Published: 2020-08-04 02:38:00
Updated: 2020-08-05 11:16:07
By Kathryn Brown, WRAL anchor/reporter, & Matthew Burns, WRAL.com senior producer/politics editor
Ocean Isle Beach, N.C. — Late Tuesday night, some property owners and residents were allowed back on Ocean Isle Beach to survey damage to their homes.
One family told WRAL News they needed to get back to their dog, who was left outside and needed water and air conditioning. The dog was reunited with its family Wednesday morning.
Before residents were allowed back on Ocean Isle Beach, town officials used Facebook Live to tour the extensive damage and show property owners their damaged homes
Officials said Wednesday at least 10 public beach access are significantly damaged.

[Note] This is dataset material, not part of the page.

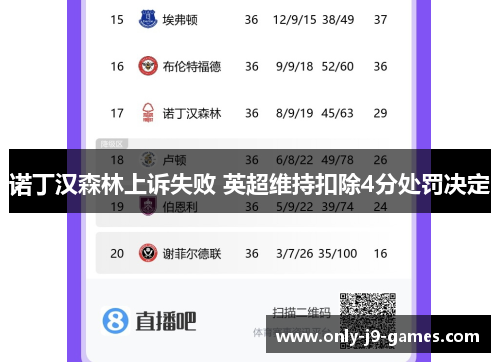 诺丁汉森林上诉失败 英超维持扣除4分处罚决定 诺丁汉森林上诉失败 英超维持扣除4分处罚决定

The beach is still closed to the public, and a curfew is in place indefinitely.
The eye of Hurricane Isaias came ashore at Ocean Isle Beach around 11 p.m. Monday, sparking a series of fires at homes and causing a lot of flooding.
Mayor Debbie Smith said nine homes were destroyed by fires, including two owned by full-time residents. But no one was hurt in the fires.
Brook Hudson, who was visiting Ocean Isle Beach, said she decided to stay in the community through the storm, taking her cue from residents, many of whom didn't evacuate.
As the hurricane eyewall slammed into the island, debris flew in every direction, water poured in, walls collapsed and cars began to float off.
"We had five cars parked under the house. The storm surge came in and was like playing bobbers with our cars," Hudson said. "They were bumper cars all up under the house. The house was shaking really bad."
When a nearby house caught fire, she and her 2-year-old son, Dash, made a dash to safety.
"We look out the window, and the house right behind us is on fire," she said. "At that time, we booked it, went down the road a little bit to a neighbor's house and watched the whole thing."
The cause of the fires hasn't been determined.
Law enforcement blocked access to the island much of Tuesday to give authorities a chance to assess damage and get power restored, Smith said.
Property owners started returning to the island Tuesday evening, and Smith said contractors would be allowed in on Wednesday to start clearing debris and making repairs. Visitors and vacationers can "hopefully" return in a few days, she said.
"It is our goal to allow everybody to come back and visit Ocean Isle and enjoy this beautiful beach as soon as possible," she said.
Hudson’s mother drove four hours from Pilot Mountain but was stopped short of seeing her daughter and grandson because of the restricted access.
"Just for that one second [an officer] told me I couldn’t get them, I felt very frustrated," Angela Hudson said. "We were up all night pretty much just waiting to hear news. We just got here and told them we needed to get to our family, and I said, 'How do we get to our family?' and they said, 'You don’t.'"
"I just … want to get out of here," an exhausted Brook Hudson said.
Resident Patti Talley said she was "kind of sick" while waiting to get back onto the island, not knowing how bad the damage was.
"Based on [Hurricane] Matthew, which was the worst we've gone through since we've owned down here, it sounds like, flooding wise, it was worse than Matthew," Talley said.
WRAL Weather Watcher Ethan Clark said he talked with homeowners who had up to 4 feet of water around their homes.
Clark, who went to Ocean Isle Beach just to have the experience of seeing the eye of a hurricane, estimated that about 80 percent of the island experienced storm surge flooding from Isaias. Many of the canals on the island were flooded, he said.
"Certain parts of the island looked like a war zone," he said.
Damage is "hit or miss," Clark said. "Conditions go downhill very quickly" toward the east end of the island, with many roads washed out and beach dunes breached.
Vic Medlin of the Four Oaks Volunteer Fire Department, which assisted in the response to the overnight fires on the island and efforts to restore power, called the area peaceful in the storm's aftermath.
"There's a lot of sand, it looks like where the water came in," Medlin said. "It looks fairly peaceful. There's not a whole lot of people over there right now."